Tuesday, August 24, 2010

Unwanted Rescue

As mentioned in a previous entry, I've been doing a lot of sea swimming.

And having kept it up all summer, I'm now what is referred to as a 'strong swimmer.' I was out on one of my regular routes the other day, out to the buoy at the mouth of Ballyholme Bay, over to the edge of the reef at Ballmacormick Point and back to shore,
in triangular fashion.

The whole journey is about a kilometre and a bit and takes me about an hour.

As I was nearing the beach on my return, I could see a big orange speedboat heading straight for me from the west, out of the corner of my eye. I thought it might be one of the rib-boats the yacht club uses to lay its buoys, but my worst fears were confirmed as it closed on me.

It was filled with around a dozen serious-faced folks in yellow helmets and fluorescent life jackets. They were obviously bent on intercepting me.

Some bastid fool had called the Coastguard.

They came to a halt about ten foot away and bobbed in the water. The one at the prow took off her helmet and yelled "Are you alright?"

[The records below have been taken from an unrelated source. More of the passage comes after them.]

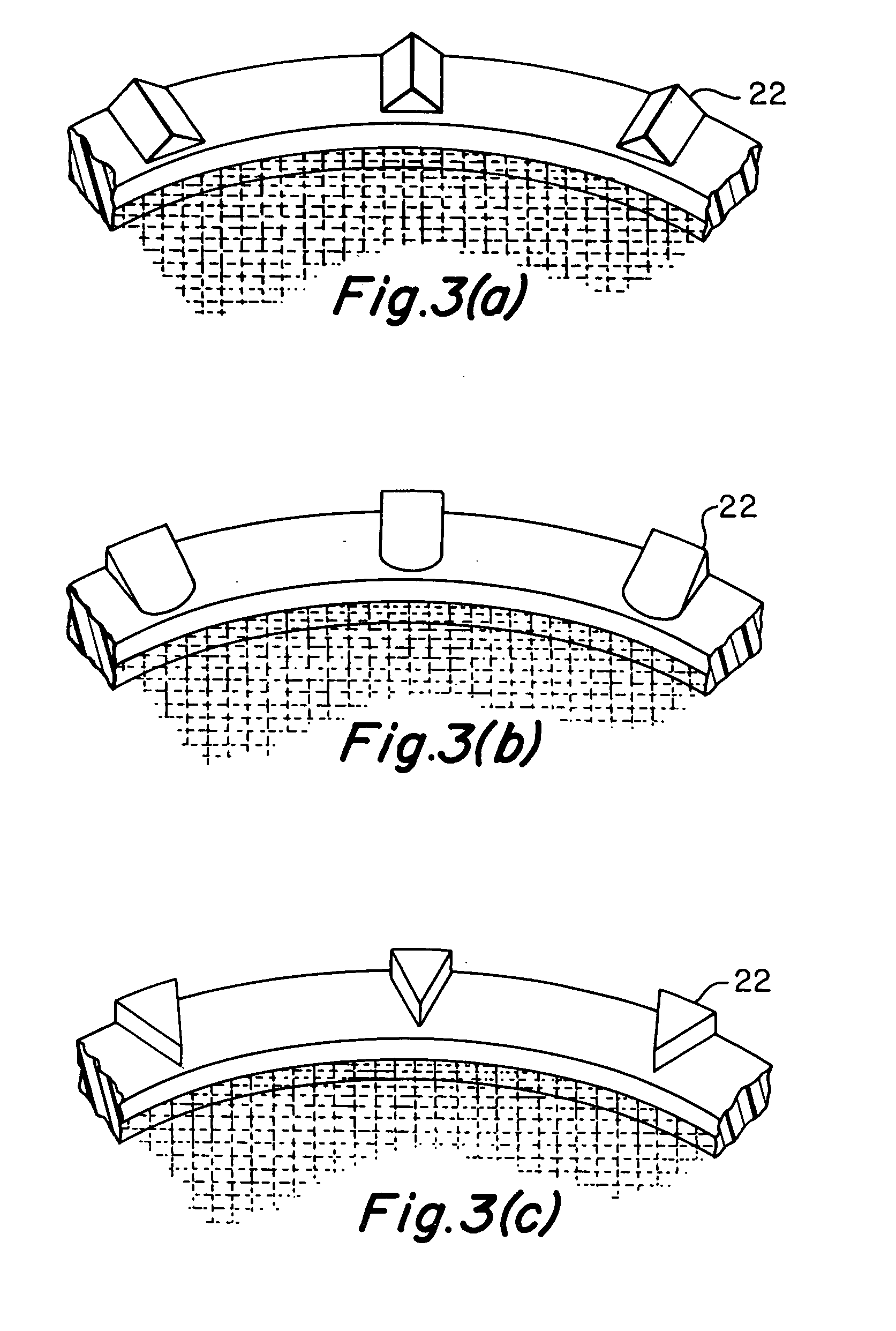 Implantable prosthesis and method and apparatus for loading and delivering an implantable prosthesis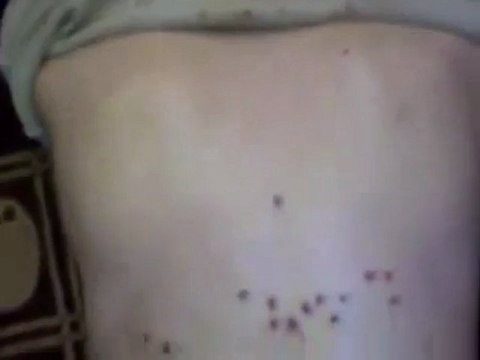 فري برس دمشق المزة جمعة معتقلي الثورة إصابة برصاص الأمن 20 1 2012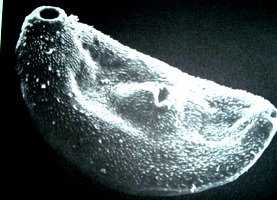 Брюшная присоска трехдневной Fasciola hepatica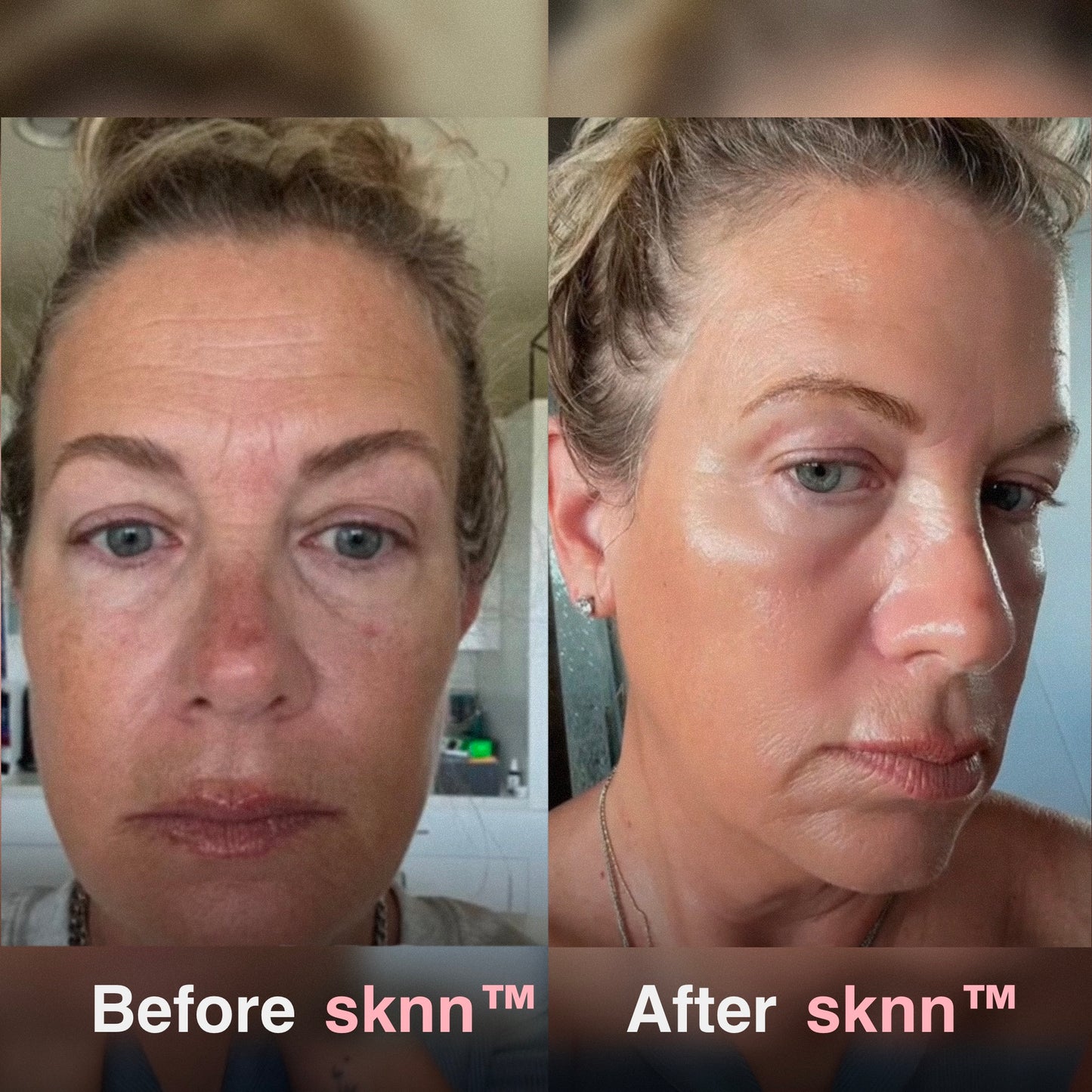 sknn™ Microinfusion System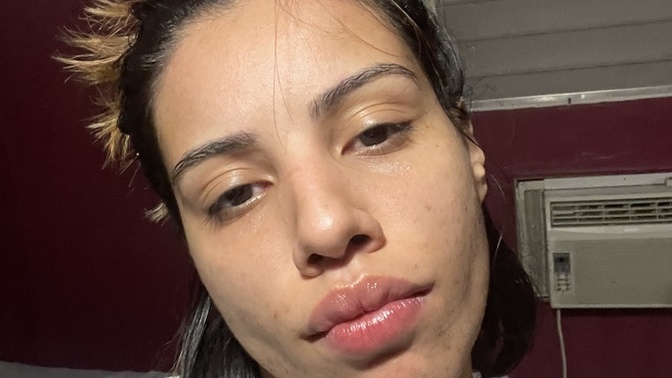 Is wearing sunscreen important for acne?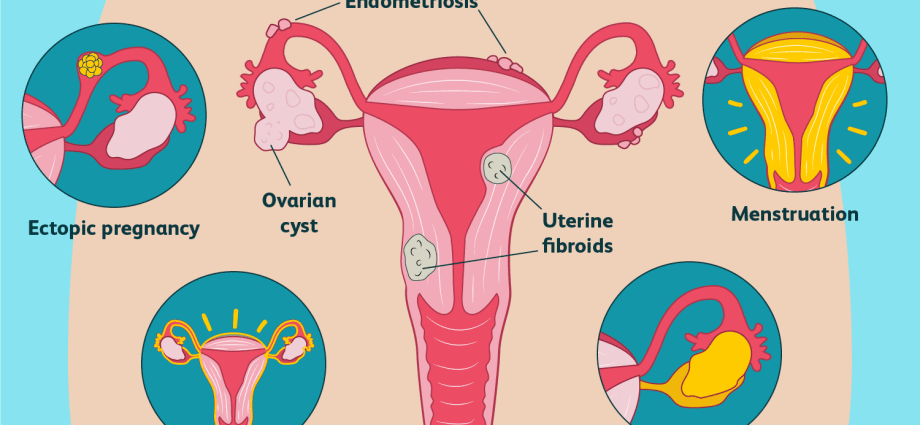 what-are-the-causes-of-pain-in-the-right-ovary-healthy-food-near-me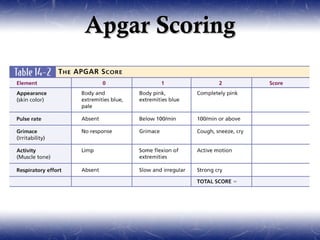 Apgar Scoring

By this stage, I was nearly back at shore and swimming in about three feet of water. So I stood stock upright on my hind legs from the waves and answered,

"Yeah, I'm alright."

"It's just someone rang us about you, they said they lost sight of you in the water."

"I'm not in any trouble," I replied.

I think that was obvious.

I apologised profusely for wasting their time and putting them to this bother.

'Oh no no no,' she assured me. 'Better to be safe than sorry.'

Then the lifeguards sat in the boat with the engine idling.

I stood in the water.

For some little time.

To break the awkwardness, I said my goodbyes and swam back to shore.

They turned their craft around and sped off in the direction of Bangor.

At the beach, two more coastguards were waiting for me. They were middle aged, portly fellows who didn't look like they'd be much use at striding into the surf and plucking drownees to safety.

Once again, I was very apologetic, and once again they said no harm done, better safe than sorry, blah blah blah.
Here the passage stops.